The doctrine of waiver is a legal principle whereby an individual intentionally relinquishes or abandons their right, claim, or privilege afforded in a contract. Under this doctrine, if a party fails to enforce or assert a right or benefit they are entitled to under the contract terms, they may be deemed to have waived that right. In other words, by knowingly and voluntarily choosing not to exercise a certain right, the party loses the ability to claim that right later.
The elements of the doctrine were best described in Saskatchewan River Bungalows Ltd. v. Maritime Life Assurance Co. as “full knowledge of the deficiency which might be relied upon and the unequivocal intention to relinquish the right to rely on it.” Since then, case law in Ontario has developed to clarify the situations in which the doctrine can be applied.
The scope of unreasonable withholding and the applicability of the waiver doctrine were recently considered by the Court of Appeal in Rabin v. 2490918 Ontario Inc. At the time of the dispute, the appellant was a retiring dentist who had practiced for several decades. His practice was a tenant of a building that the respondent acquired to demolish and redevelop in the future. Through the purchase, the respondent became the landlord at the property.
The appellant had agreed to sell his practice to two younger dentists and sought the landlord’s consent to assign the lease as part of the business sale. The provision addressing lease assignments in the commercial lease required the appellant to give “prior written notice” to the landlord of his intent to transfer, and within 15 days of such notice, the landlord would notify of its consent or lack thereof.
The appellant sent the requisite notice to the landlord, but the respondent did not reply within the 15-day specified timeframe. It was not until 22 days after the notice was delivered that the landlord consented, subject to the addition of a demolition clause. The appellant refused, and the respondent withheld its consent. The parties continued their correspondence with several more requests for the landlord’s consent in the negotiations.
The application judge found that the appellant had waived the requirement under the lease for the respondent to provide consent within 15 days. In arriving at this decision, the judge was swayed by numerous emails sent by the appellant’s counsel renewing the request for consent. The judge dismissed the application.
On appeal, the Court of Appeal found that the application judge had applied the doctrine of waiver where neither party had raised it as an issue, and the judge had erred in its application.
First, the Court noted that it is well established as a matter of natural justice that “it is not open to a judge to dispose of a material issue in a proceeding on the basis that has not been raised or argued by the parties.” The application judge had applied the doctrine of waiver on his initiative, preventing the parties from making submissions on this point.
Second, the application judge did not reference the test as set out above. He made no determination on whether the appellant had the “unequivocal and conscious intention” to waive his rights in any of the correspondence. In fact, the appellant had continuously insisted on compliance with the lease. The evidence pointed to the stringent test not being met, and thus, applying the waiver doctrine was a legal error.

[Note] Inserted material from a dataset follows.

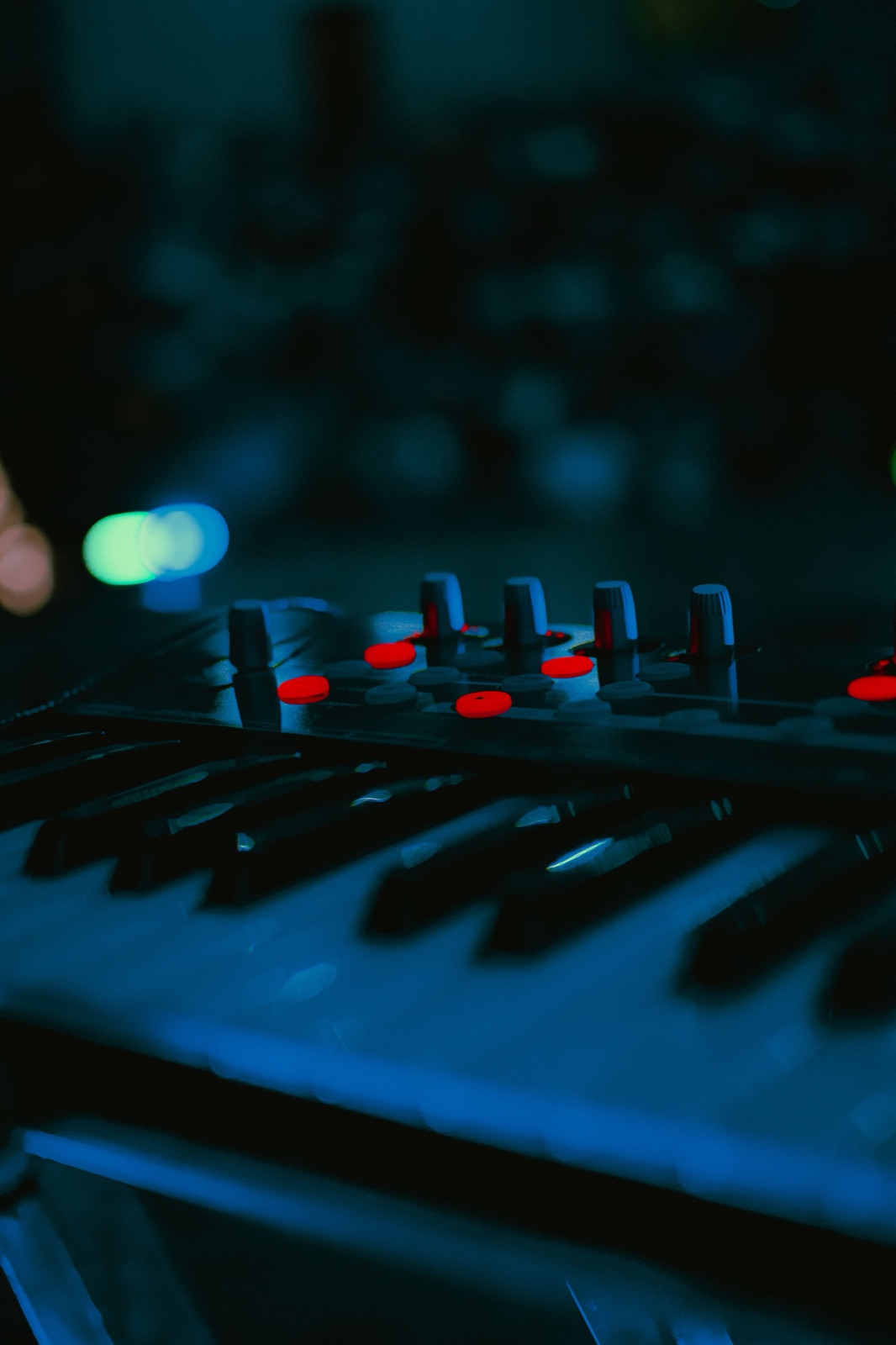 Synthesizer keybed with glowing controls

The Court went on to note that the application judge’s analysis should have focused on whether the consent by the landlord was “unreasonably withheld.” In doing so, the Court stated that it would look at “the information available to, and the reasons given by, the landlord at the time the landlord neglected or refused consent.” In light of the facts of the case, this burden was met. The landlord failed to respond within the necessary timeframe, no reasonable excuse was provided for its failure to respond, and attempted to trade consent for a clause for its benefit.
The Court allowed the appeal, set aside the application judge’s order, and granted the appellant’s application. The Court found that the landlord unreasonably withheld its consent to the lease assignment and ordered that the assignment be made.
There are several standard terms within a commercial lease, which often includes provisions pertaining to a lease assignment. However, if a party to the lease does not uphold their obligations to the other party, disputes can quickly arise. The trusted real estate lawyers at Baker & Company have extensive experience drafting, reviewing and negotiating commercial leases. Our lawyers will help you review documentation and ensure that you understand your legal obligations before you sign any contract. Contact us online or by phone at 416-777-0100 to schedule a consultation with a member of our property law team and learn how we can help you.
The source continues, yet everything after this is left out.